Three File Scope Example

Three File Example

To the interpreter any one file looks like any other file and file extensions do not matter. The interpreter will execute a "main" file (with .ex extension) the same way it executes a "module" file (with .e extension). When one file includes another you set up a primary:module relationship between those two files; this relationship is important because you must understand which identifiers are visible to the primary file. Modules can contain other modules up to thirty (30) levels. Fortunately you can understand what happens by looking at a pair of files at a time.

Consider this system of three files. The main file includes two modules (one module containing another module) with its single include statement:

http://euphoria.derekparnell.id.au/triscope/triscope-1.png

Start by looking at some_lib.e which includes sublib.e :

http://euphoria.derekparnell.id.au/triscope/triscope-2.png

When you launch eui some_lib.e it executes as a main "primary" source-code file (the extension .e does not matter). The included sublib.e is treated as a "module" file. All statements execute as expected. This works because the export procedure bar() statement exposes the procedure bar() to the primary file. In the primary file bar() is visible and it executes.

When you launch eui my_app.ex it is treated as the main "primary" file and some_lib.e is treated as an included "module" file.
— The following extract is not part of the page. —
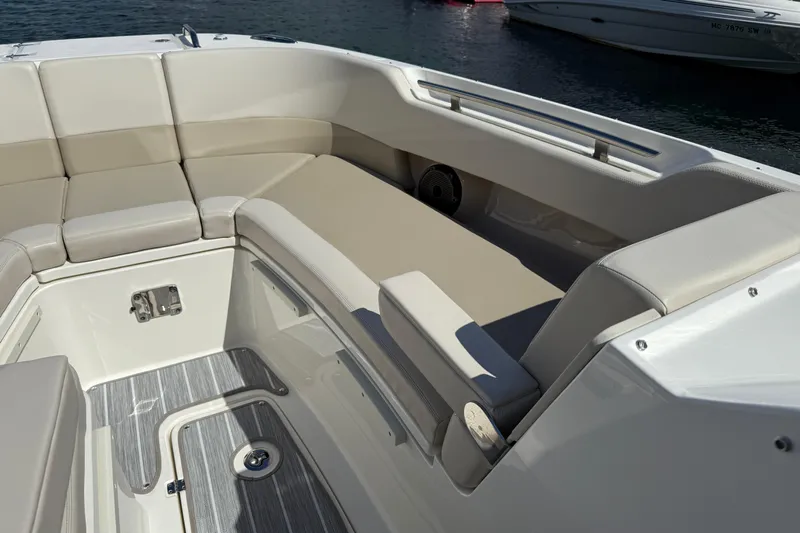  Yacht Photos Pics 2022 Boston Whaler 320 Vantage boat interior with cushioned seating and sleek design.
An include statement, without a public scope modifier, is just an ordinary invisible statement to a primary file. The identifiers from the nested sublib.e file are invisible to the primary file. The program crashes with an error statement:

http://euphoria.derekparnell.id.au/triscope/triscope-3.png

The public scope modifier makes an include statement visible to an including file. A public include is special because it not only exposes public identifiers to a primary file, but it also exposes public identifiers to the entire chain of nested public include statements. A public include will pass on any public identifiers to a single (unmodified) include statement, and to all public include statements that are part of a nested module system.

http://euphoria.derekparnell.id.au/triscope/triscope-4.png

The main primary file only needs an unmodified include statement to see all all public identifiers. Only the nested modules themselves need public scope modifiers. This is how the Euphoria standard library is designed.

The three file example is now re-written so it executes as intended:

http://euphoria.derekparnell.id.au/triscope/triscope-5.png

To summarize this example:

  • export scope modifier exposes identifiers only to the immediate including file.
  • public scope modifier exposes identifiers to a chain of public include files.

Note: The global scope modifier would have worked in this example. A global identifier is visible to all files. We say that a global identifier "pollutes" the scope of the entire program; using global as a scope modifier is considered to be bad programming style.